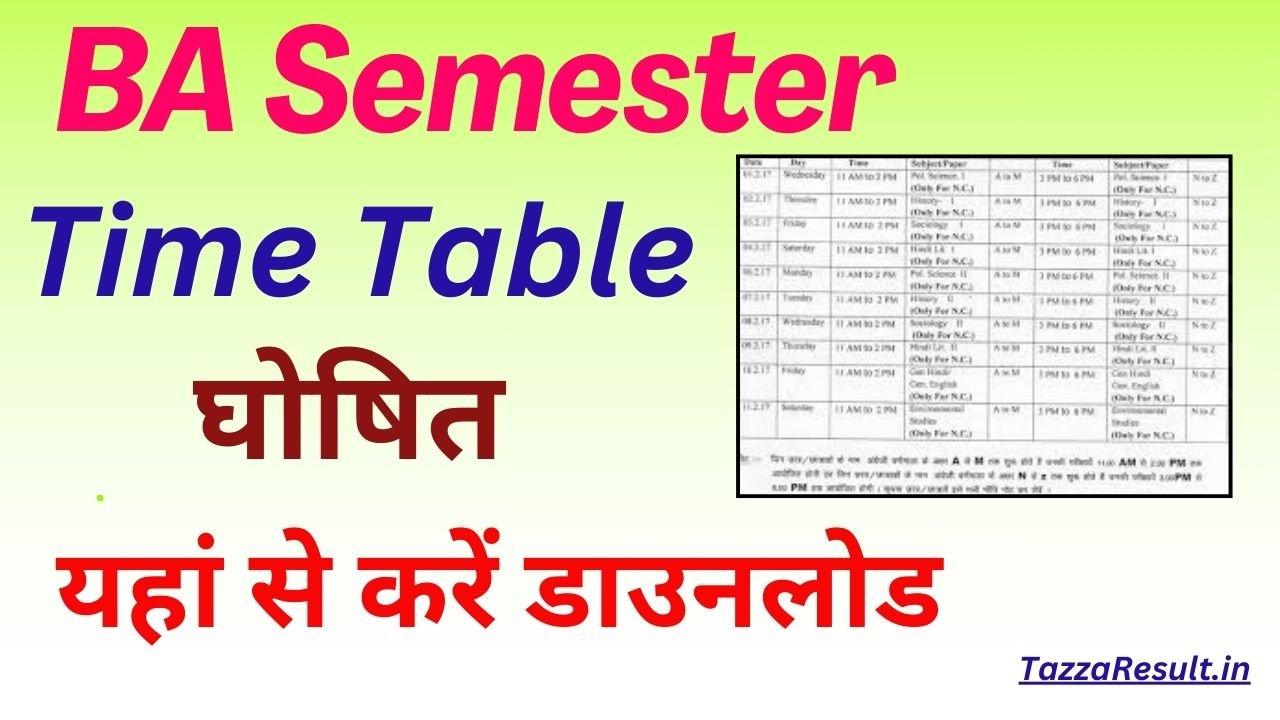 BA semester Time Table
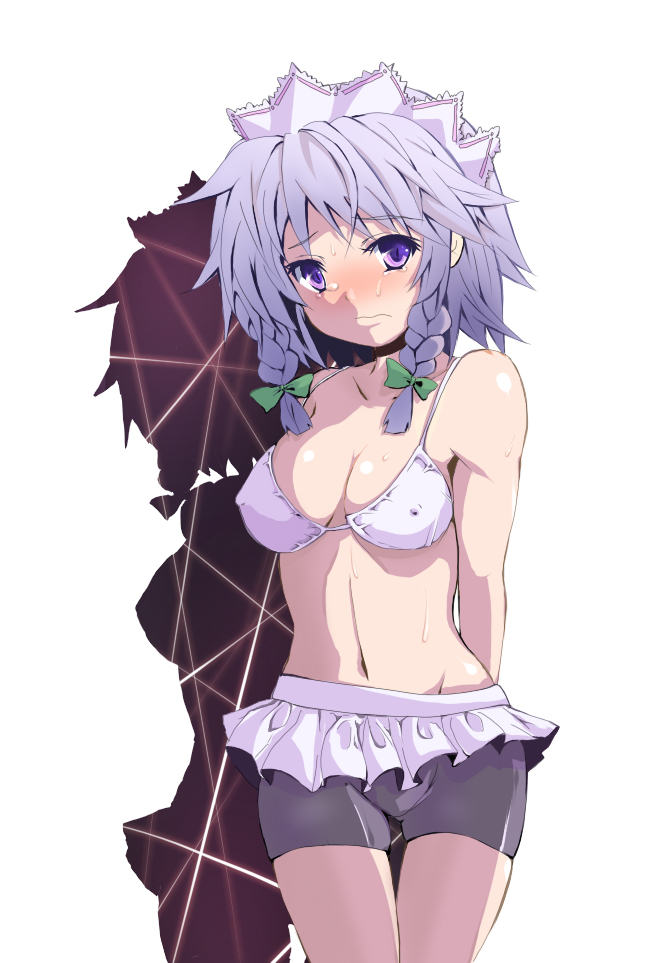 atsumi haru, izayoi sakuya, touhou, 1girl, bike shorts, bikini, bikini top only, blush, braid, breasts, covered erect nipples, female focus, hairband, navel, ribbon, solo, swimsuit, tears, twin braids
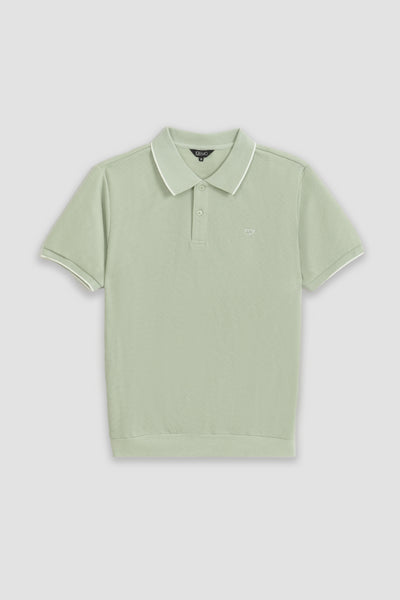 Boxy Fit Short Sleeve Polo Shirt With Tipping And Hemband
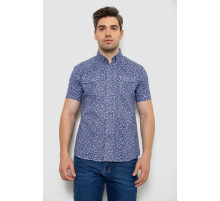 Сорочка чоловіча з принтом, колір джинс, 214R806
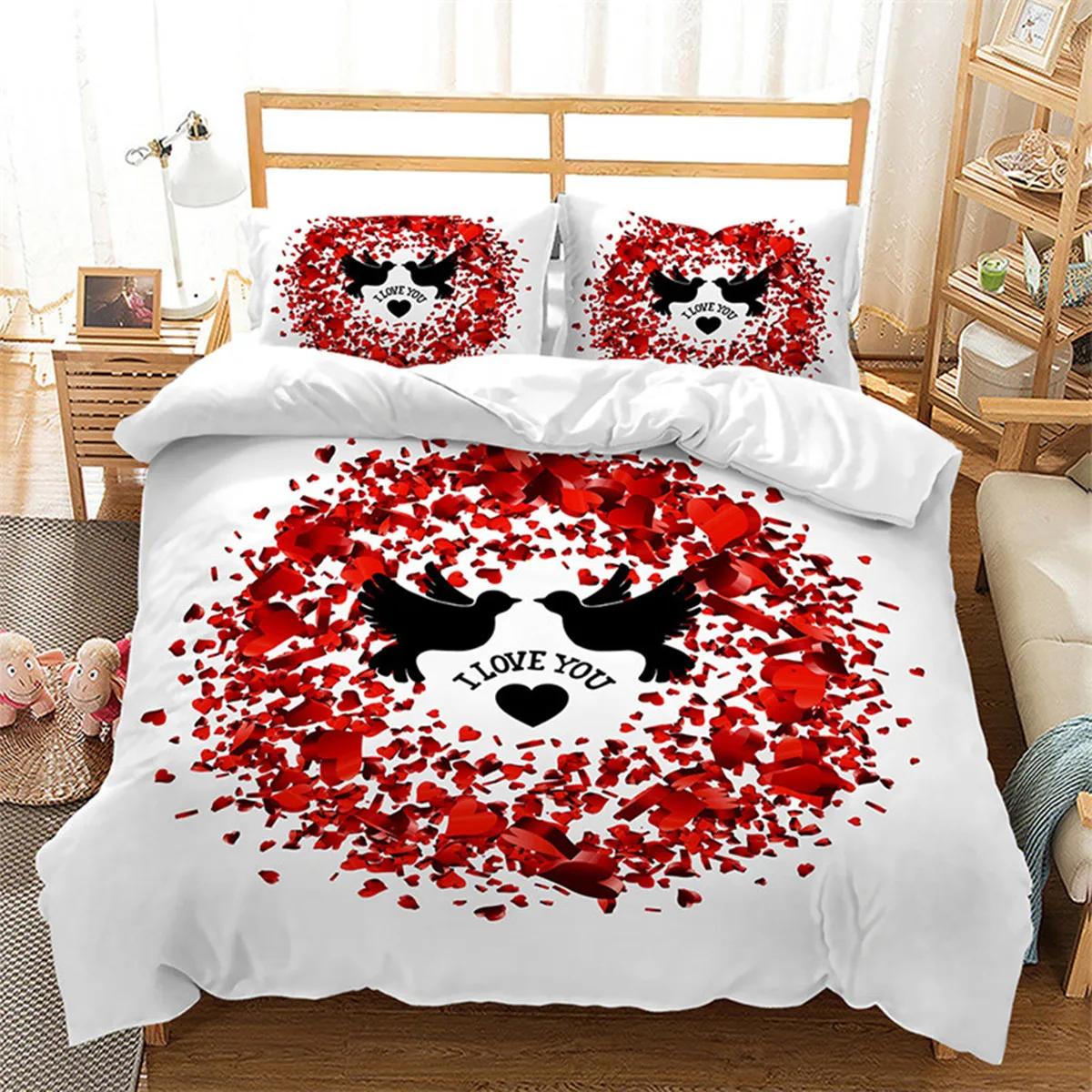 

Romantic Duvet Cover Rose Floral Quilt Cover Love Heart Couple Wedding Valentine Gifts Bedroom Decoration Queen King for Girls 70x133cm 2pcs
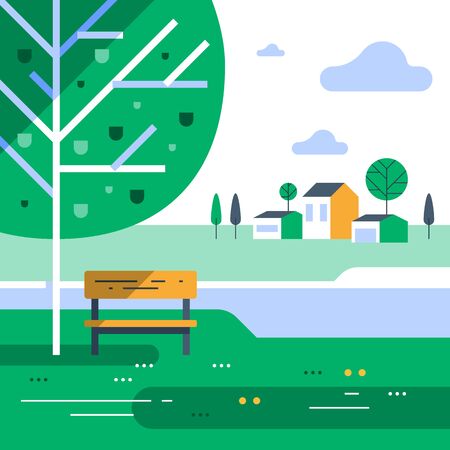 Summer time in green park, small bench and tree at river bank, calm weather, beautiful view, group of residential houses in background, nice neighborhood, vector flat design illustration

===

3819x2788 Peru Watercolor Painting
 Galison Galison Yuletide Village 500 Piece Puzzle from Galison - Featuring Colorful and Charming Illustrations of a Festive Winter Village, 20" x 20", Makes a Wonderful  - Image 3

===

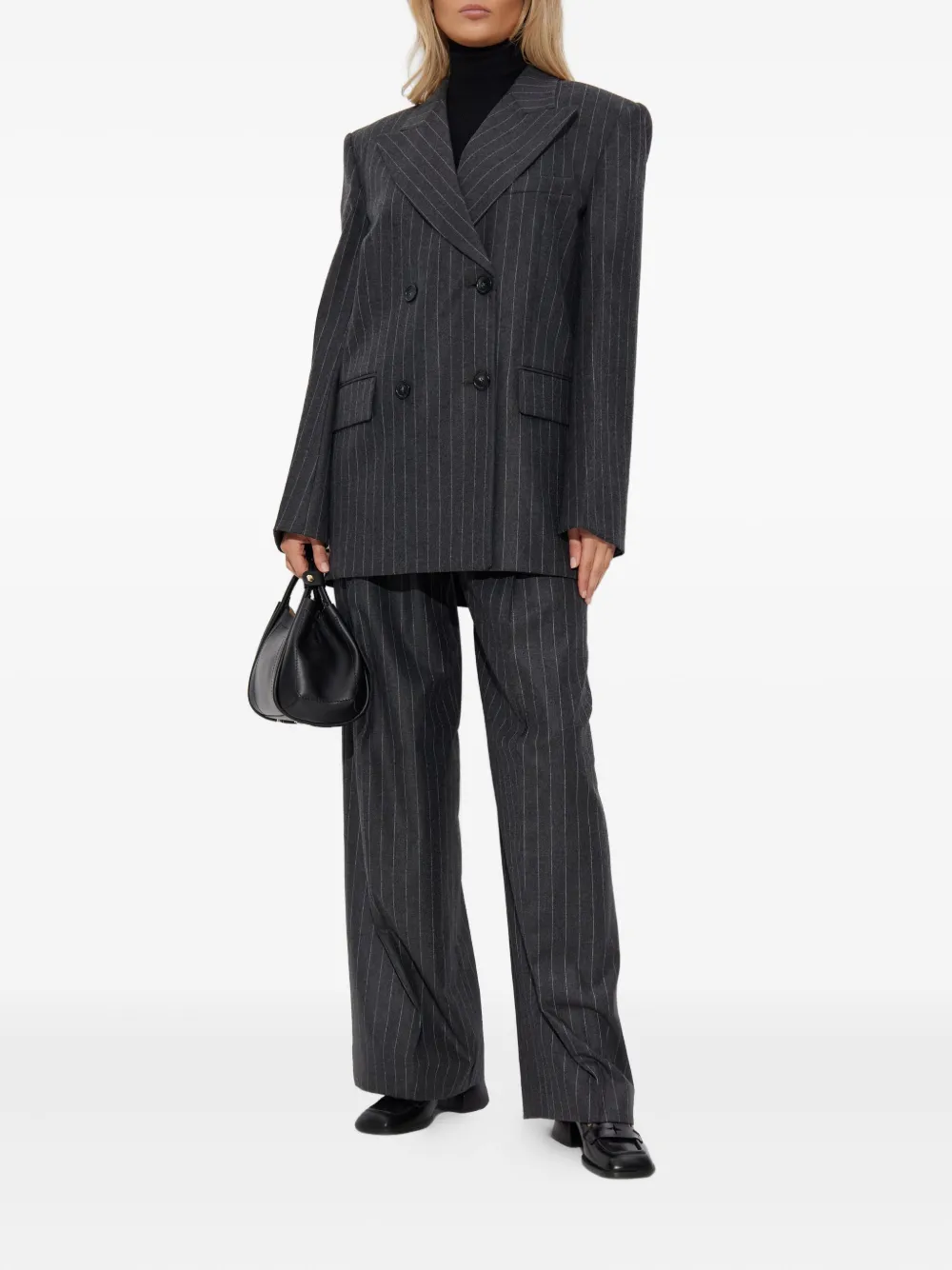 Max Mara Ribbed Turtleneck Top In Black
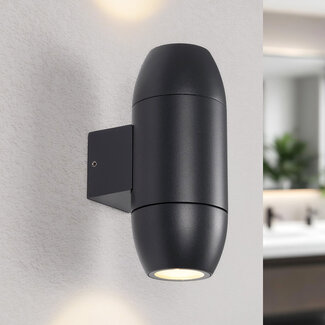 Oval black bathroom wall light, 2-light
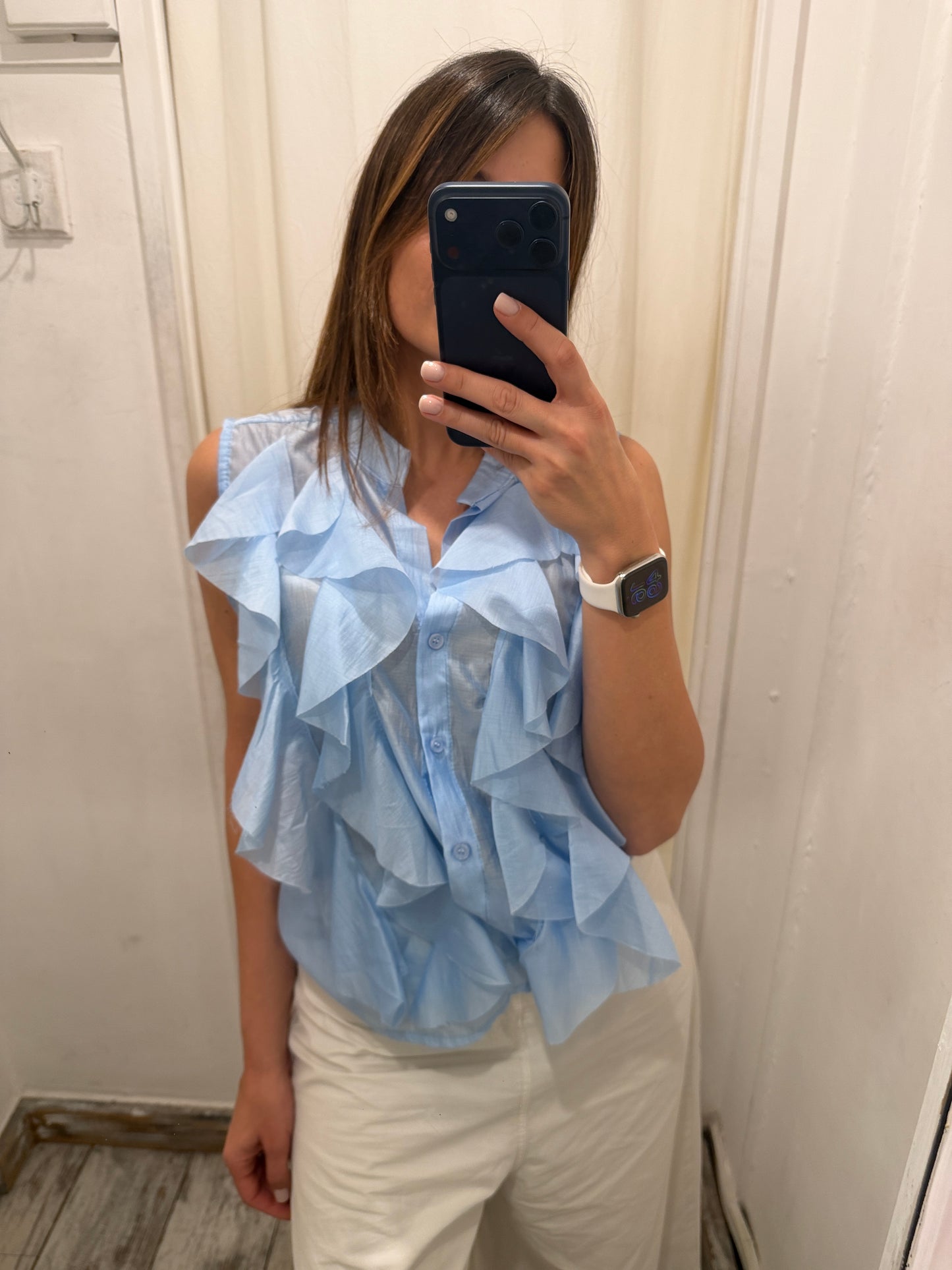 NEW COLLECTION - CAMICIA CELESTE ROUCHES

===

__EXERCISE OBJECTIVE__. Only one stretch of the material above is wanted: the line containing "Boxy Fit Short" through the line containing "Summer time in". Restate it word for word, minus the pictures.

__ANSWER TO THE EXERCISE__.
 Boxy Fit Short Sleeve Polo Shirt With Tipping And Hemband
 Сорочка чоловіча з принтом, колір джинс, 214R806

Romantic Duvet Cover Rose Floral Quilt Cover Love Heart Couple Wedding Valentine Gifts Bedroom Decoration Queen King for Girls 70x133cm 2pcs
 Summer time in green park, small bench and tree at river bank, calm weather, beautiful view, group of residential houses in background, nice neighborhood, vector flat design illustration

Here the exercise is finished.